First post? Celebrating rejection
I put off making one of these, thinking I had nothing to say that other writer's blogs didn't already cover. But I remember how many I read that shared pieces of the same journey I am on and they make me feel less alone.
I was finally compelled tonight to make the blog when I got my 63rd short story rejection and I was absolutely elated! No joke, I've been grinning with glee for the past hour.
Because I have submitted 4 previous pieces to Metephorosis Magazine, all form rejections within a day (they're fast). They, like most of the magazines I'm submitting to right now, have a very low acceptance rate (they accept like...1% of submissions).
My 5th submission tonight, The Secrets We Seek, was rejected 40 minutes after I submitted.
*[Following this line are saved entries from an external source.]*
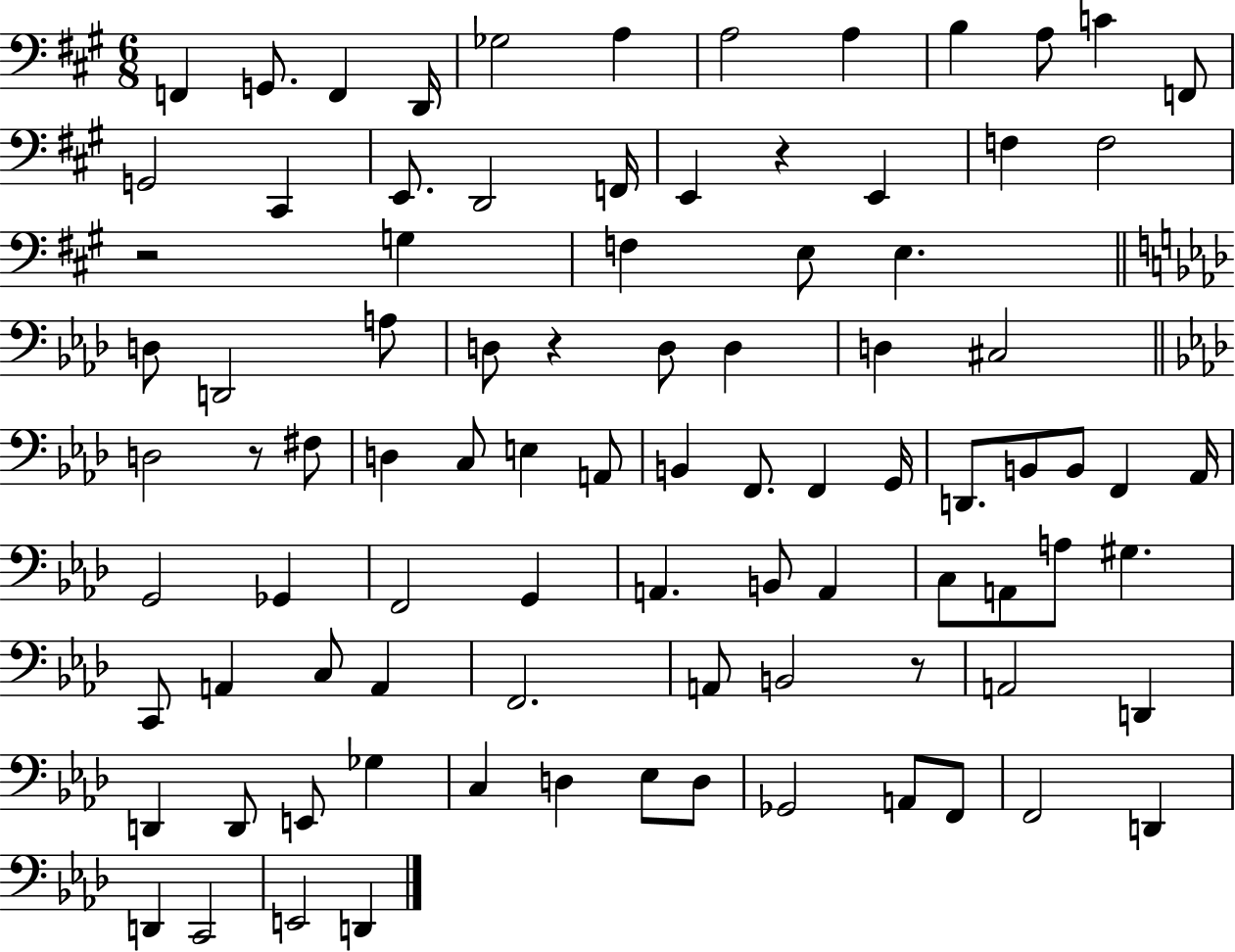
X:1
T:Untitled
M:6/8
L:1/4
K:A
F,, G,,/2 F,, D,,/4 _G,2 A, A,2 A, B, A,/2 C F,,/2 G,,2 ^C,, E,,/2 D,,2 F,,/4 E,, z E,, F, F,2 z2 G, F, E,/2 E, D,/2 D,,2 A,/2 D,/2 z D,/2 D, D, ^C,2 D,2 z/2 ^F,/2 D, C,/2 E, A,,/2 B,, F,,/2 F,, G,,/4 D,,/2 B,,/2 B,,/2 F,, _A,,/4 G,,2 _G,, F,,2 G,, A,, B,,/2 A,, C,/2 A,,/2 A,/2 ^G, C,,/2 A,, C,/2 A,, F,,2 A,,/2 B,,2 z/2 A,,2 D,, D,, D,,/2 E,,/2 _G, C, D, _E,/2 D,/2 _G,,2 A,,/2 F,,/2 F,,2 D,, D,, C,,2 E,,2 D,,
Ouch. Record time and I'm not gonna lie, I was a bit crushed. I really thought this story fit them.
So I didn't expect to see --REJECTION (personal)-- as the title when I opened my email. I gasped and found that not only did this email say that while I wasn't a fit, but they encouraged me to keep submitting and hope to see more, but the editor gave me personal feedback on the piece itself and ways they thought it could be improved.
Don't think I've been quite so over the moon over a rejection before. I've gotten a nice chunk of personal rejections and I've been happy with every one. But this one hit hard. I had all but given up thinking this publication would like anything I had to offer and this just reminds me to keep trying. Sure, every "no" sucks, but it doesn't cost me anything if I keep a thick skin.
I'm going to try and share things like this from time to time. Though I write every day, I'm not the greatest at keeping up with social media.
And who cares if I have nothing 'new' to say? Maybe the fact that I am saying what others are feeling or experiencing is more important.